Unlike his other three brothers who were day students, Ted Kennedy was a border — he lived in residence with ‘R.’ By his account, ‘R.’ “violated every trust that our parents had placed in him. He specialized in terror and humiliation.” Kennedy describes a word game played in ‘R.’s’ room where mistakes were punished by requiring an article of clothing to be removed. He describes the scene:
“Since the boys were in pajamas, they didn’t have too many articles of clothing to take off. Soon they were naked and subjected to ‘R.’s’ ‘inspection.’ No boy was spared the humiliation.”
He recalls many terror-filled nights hiding under his bunk in fear that he would be rounded up and taken to ‘R.’s’ quarters, a fate, it was rumored, suffered by those in whom ‘R.’ had a special interest. He told himself that his brothers had survived boarding school and he would too. “It’s going to be okay. I told myself. I had to believe that.”
He describes the vivid and lasting memory of what he saw on the Riverdale grounds: a little boy with a teddy bear and a suitcase running from ‘R.’ who catches up to him, rips the teddy bear away, glares with “one of the most evil expressions I have ever seen” while the suitcase empties on the ground. He then dragged the sobbing boy back to the dorm.
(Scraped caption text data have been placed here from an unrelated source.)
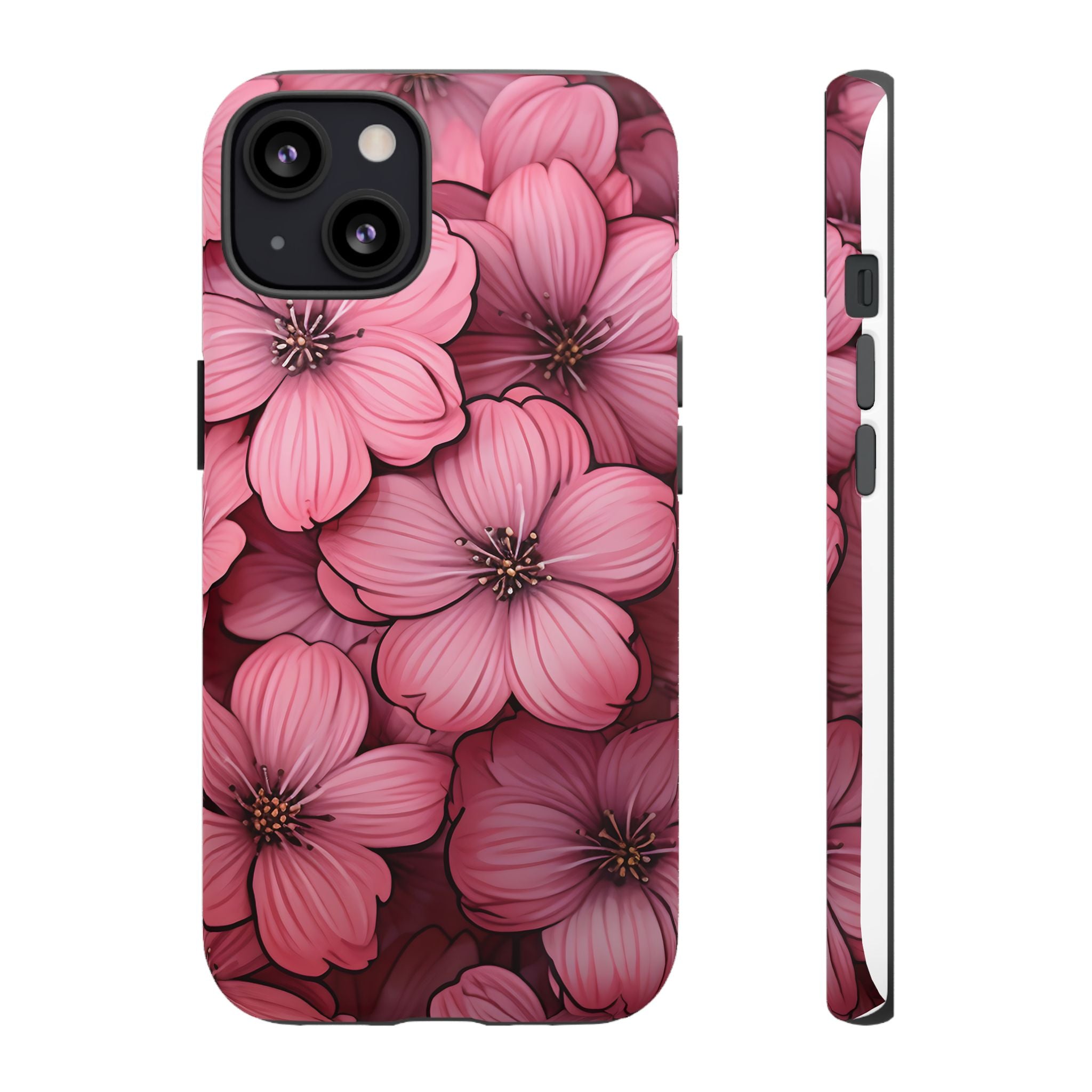 Pink Blossom Hexagon iPhone Case - Rugged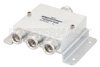 3 Way 4.1/9.5 Mini DIN Power Divider From 698 MHz to 2.7 GHz Rated at 30 Watts
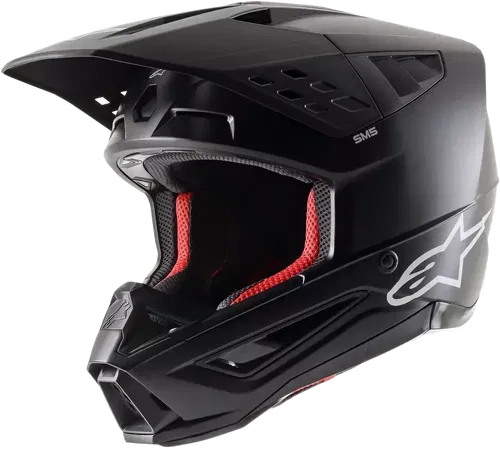 Alpinestars 8303123-110-M S-M5 SOLID HELMET BLACK MATT MD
Kennedy recalls that one of the things that saved him was whooping cough. After a break from Riverdale, he went back and the terror began all over again. He describes the physical toll the situation took on him: “Perhaps it was the stress, but I got sick, very sick, with pneumonia and whooping cough. And again, I was able to return to the safe and loving arms of my mother.” He never told her about the abuse. The dorm master was eventually fired but the parents were never told.
The stories of Michael Reagan, son of President Reagan and Jane Wyman, and Ted Kennedy dramatically illustrate that abuse occurs regardless of money and status, and that the effects of abuse last a lifetime. And telling your story and being an advocate for children are part of the healing process. Even though these cases go back decades, the memories of the likes of Penn State and Horace Mann School are fresh, and remind us that even one case of child abuse or neglect is too many.